I'm not a fan of all of Google's practices (especially with respect to Chinese censorship), but for this blowhard public official to bluster on like this is some isidious cover-up is insulting. How would he like it if Google just says screw you and takes Google Maps offline (which they have every right to do)? Would that serve the public benefit?

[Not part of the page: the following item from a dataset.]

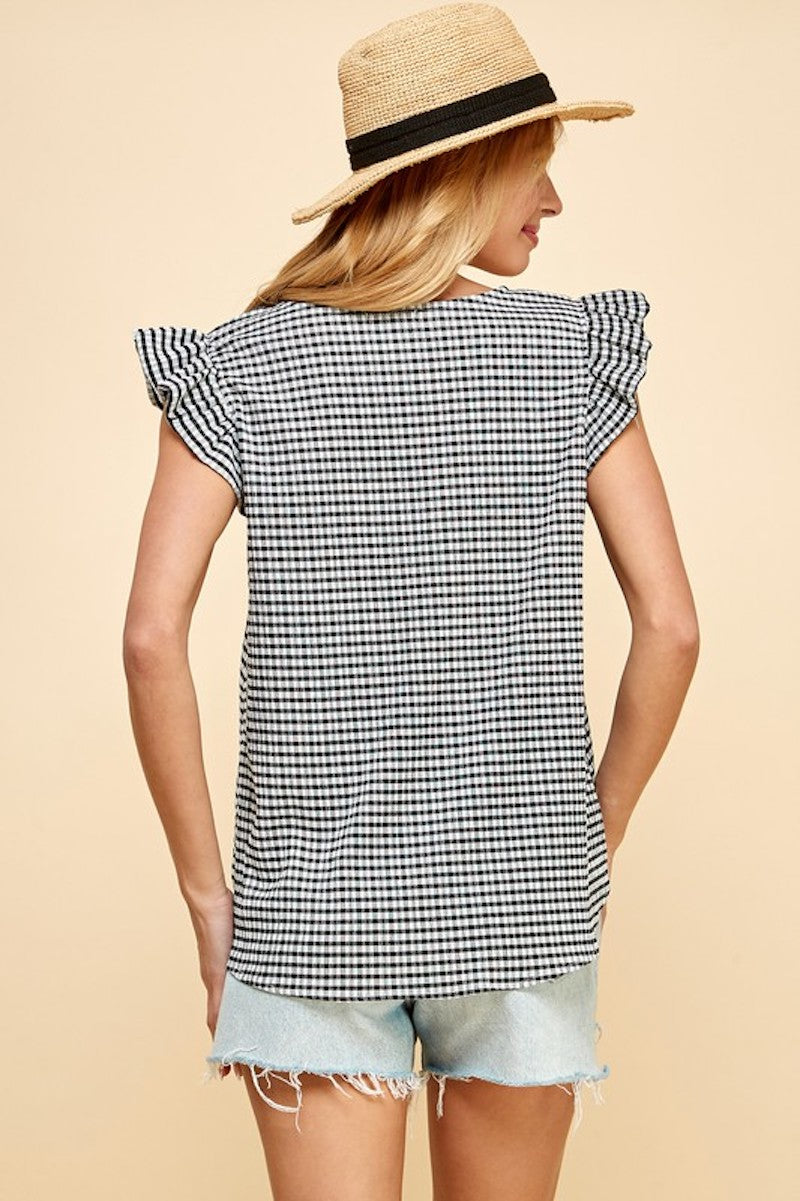 Cheryl's Checkered Blouse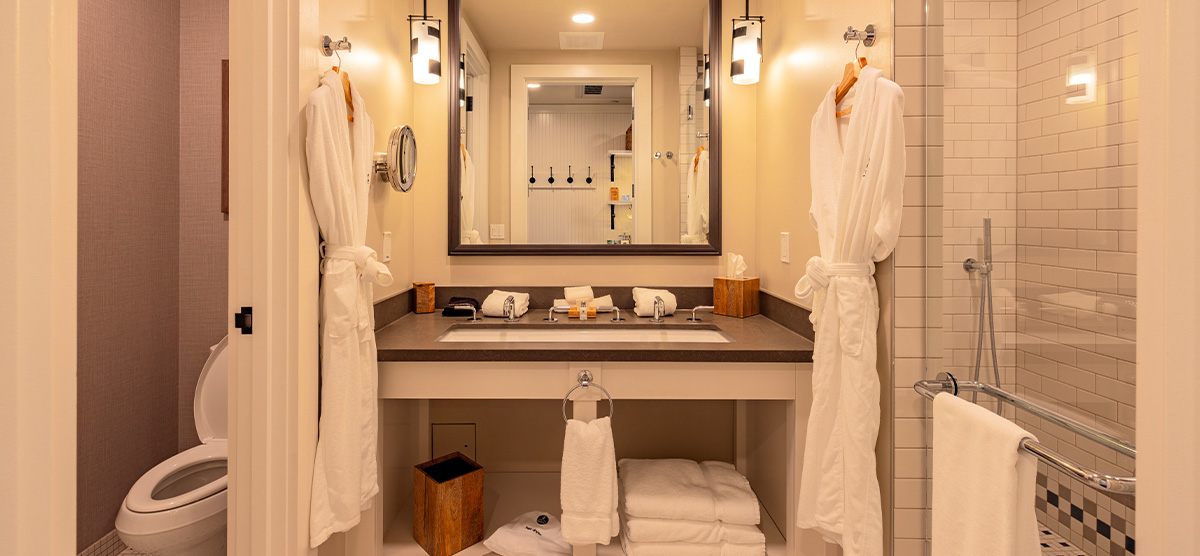 carousel-executive-king-suite-2br-7-1200x556 Bathroom with two bath robes.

Politicians trying to build their names off of Katrina compassion should be called out.

-Mister Winky
Posted by Mister Winky (301 comments )
Link Flag
Congressman
While I dont want to get into the habit of defending democrat politicians, this guy has just as much right as anyone does to contact google and demand an answer. He's still a citizen w/ free speech rights, you know.
Posted by LuvThatCO2 (187 comments )
Link Flag
cnet spin
If you read the real AP story, you'll see that the congressman was more concerned about New Orleans, Louisiana, or government officials paying off Google to make it look like the reconstruction was progressing better than it is. CNET seems to pick and choose what "news" they like to report...
Posted by Sunflare98 (34 comments )
Link Flag
Worst yet, you were born
I agree with your 'congressmen has no right' statement, but uhh, idiot, how is it the government's fault that a hurricane happened? Let me explain something pretty simple: the people that were still there were idiots. They stayed there, even with warning that a hurricane was going to hit hard. How come the intelligent people left and the dumb ones didn't? I don't feel sorry for those people because no one should feel dumb for stupidity. The government isn't our baby sitter. If something crazy like that happens, oh freakin' well. The government should care less. I didn't really like the fact that my tax dollars were going on these people who were using it for strippers, purses, dvds, etc.

I live in Texas and we recently just had a tornado and I didn't see a huge "WE NEED TO SAVE THE PEOPLE IN TEXAS AND GET THEM JOBS AND GIVE THEM $2000!!". And if my house were to have been blown over, my stuff trashed, etc, I wouldn't expect the government to do anything because stuff happens and I should have insurance on my house. But let me guess... it doesn't count because it didn't hit television.
Posted by DryvBy (7 comments )
Link Flag
I cant even begin to understand...
I cant even begin to understand why Google thought the pre-storm images were a good idea. Even if they were better quality, they were certainly less accurate.
Posted by LuvThatCO2 (187 comments )
Reply Link Flag
Not stated but possibily implied...
is the concept that Google Earth was generally swapping older high resolution images back in to replace newer lower resolutions and the fact that the images could be prior to a major disaster wasn't even thought of. It's also possible that some of the post-Christmas Tsunami images could have been replaced by this mechanism as well but hasn't been noticed/reported yet.